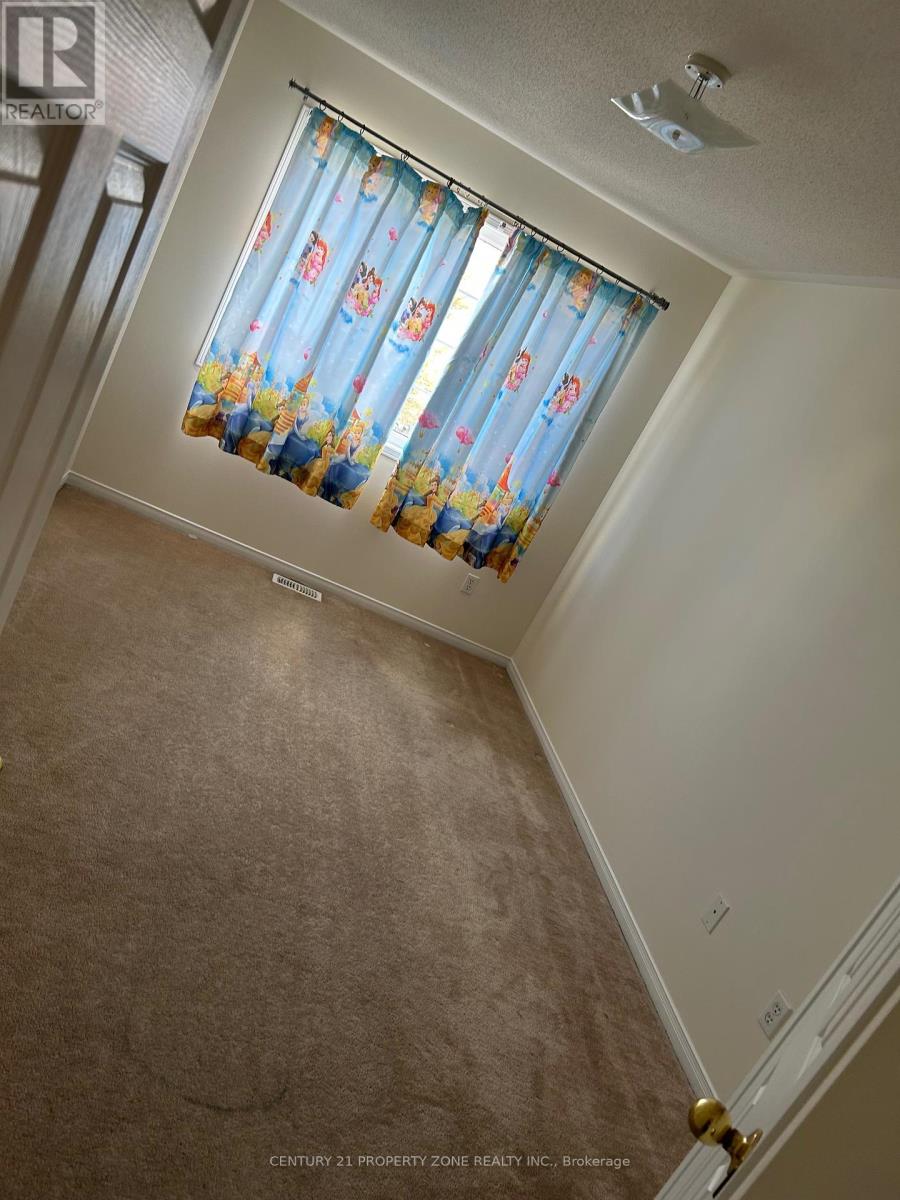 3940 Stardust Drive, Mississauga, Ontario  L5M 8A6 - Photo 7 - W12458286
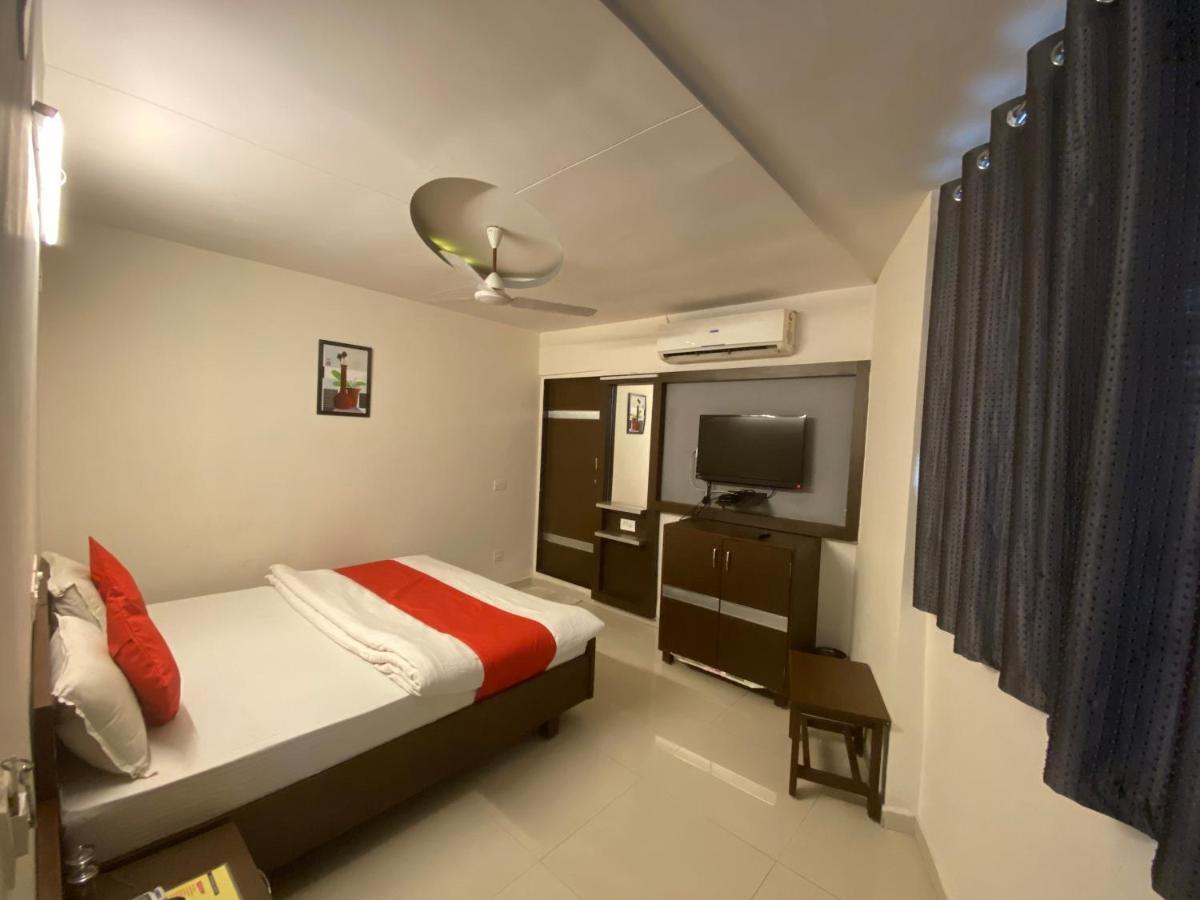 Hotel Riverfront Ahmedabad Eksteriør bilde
····················
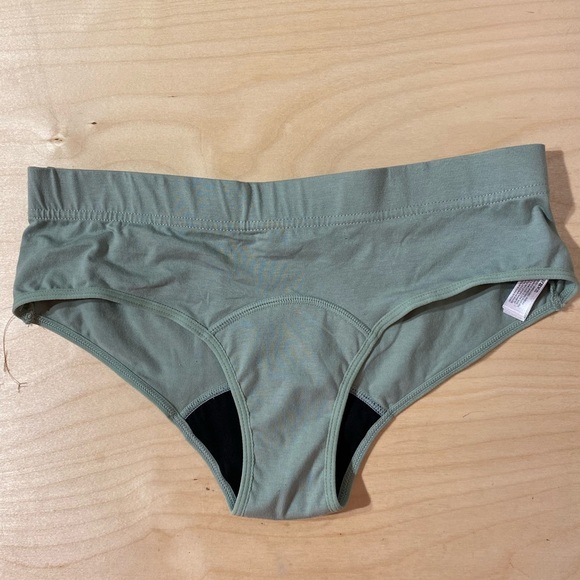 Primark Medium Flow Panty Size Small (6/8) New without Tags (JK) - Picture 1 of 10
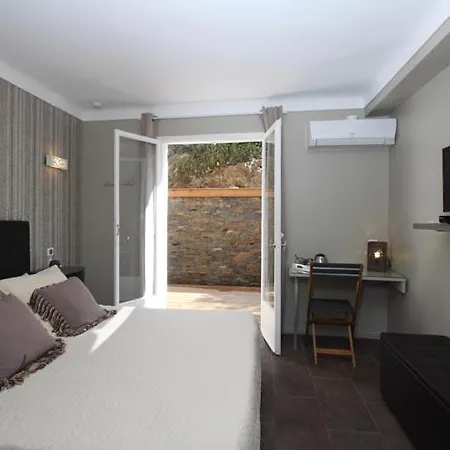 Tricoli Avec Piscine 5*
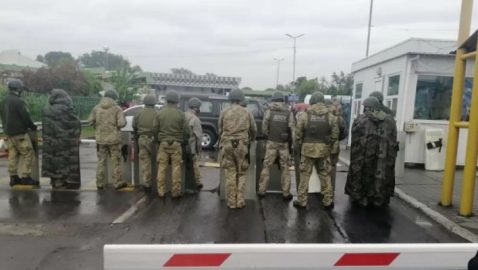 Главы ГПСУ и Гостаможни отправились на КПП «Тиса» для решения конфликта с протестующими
····················
▶ **YOUR ASSIGNMENT**: The lines above from the line with "Primark Medium Flow" through the line with "Главы ГПСУ и" are to be given again word for word, with no pictures among them.

▶ **WRITTEN SOLUTION**:
 Primark Medium Flow Panty Size Small (6/8) New without Tags (JK) - Picture 1 of 10
 Tricoli Avec Piscine 5*
 Главы ГПСУ и Гостаможни отправились на КПП «Тиса» для решения конфликта с протестующими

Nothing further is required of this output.